‘Where is the Line Between Global Business & Attempts to Control Society?’ Putin asks Davos as He Calls Out Power of Big TechThu 11:38 am Europe/London, 28 Jan 2021
ER Editor: We also recommend this other RT report, titled Putin tells Davos that divided modern world facing ‘real breakdown’, with demographic struggles & echoes of 1930s pre-WW2 tensions.
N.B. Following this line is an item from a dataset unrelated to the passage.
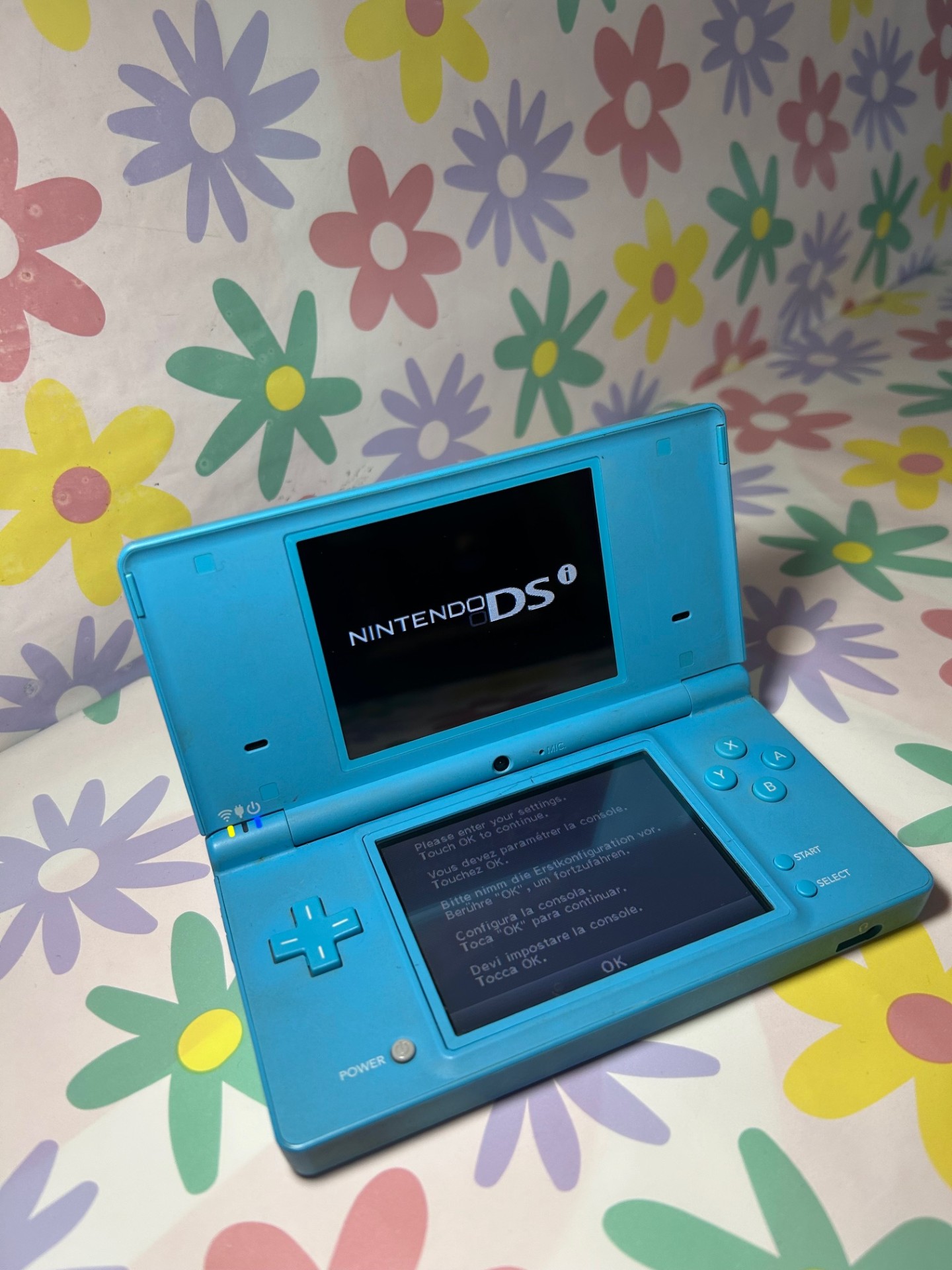Product photo for NINTENDO DSI *BLUE*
Of note:
Russian President Vladimir Putin has warned against the danger of repeating the mistakes leading up to World War II, noting that the modern world might break down as it struggles with the battle of “everyone against everyone.”
Putin was speaking at the Davos World Economic Forum, held remotely this year, in his first appearance at the prestigious meeting since 2009.
Putin also warned against the “destruction” of traditional values, as well as the right to choose and the right to a private life.
“The social and values crisis is already having negative demographic consequences, from which mankind is at risk of losing entire civilizational and cultural continents,” he said, stressing that it is a global responsibility to avoid this “gloomy dystopia.”
This is Putin’s first attendance at the World Economic Forum (held in Singapore virtually this year, not Davos) since 2009, and he doesn’t seem to be missing the opportunity to call out what’s going on globally.
Disclose TV has put a short section of his speech on Twitter:
‘Where is the line between global business & attempts to control society?’ Putin asks Davos as he calls out power of Big Tech
“Where is the line between a successful global business, in-demand services and consolidation of big data – and attempts to harshly and unilaterally govern society, replace legitimate democratic institutions, restrict one’s natural right to decide for themselves how to live, what to choose, what stance to express freely?” Putin wondered.
“We’ve all seen this just now in the US. And everybody understands what I’m talking about,” he added.
The Russian leader was apparently referring to the crackdown by Big Tech corporations like Twitter, Facebook, Google, Apple and Amazon, mostly on Donald Trump and his supporters, during the recent presidential election in the US. The companies, which, according to some critics, sided with Democratic candidate Joe Biden, blocked President Trump’s social media accounts over accusations of inciting violence, with the same being done to many pages of groups and individuals who’d backed him.
However, one-sided bias claim voiced by some might be an overestimation – the accounts of Democrats supporters were also subject to restrictions, but on a much smaller scale.
Conservative Twitter-like platform Parler was also forced offline, and now there are calls to block the Telegram app as well.
These events have shown that Big Tech companies “in some areas have de facto become rivals to the government,” Putin said.
Billions of users spend large parts of their lives on the platforms and, from the point of view of those companies, their monopolistic position is favorable for organizing economic and technological processes, the Russian president explained.
“But there’s a question of how such monopolism fits the interest of society,” he stressed.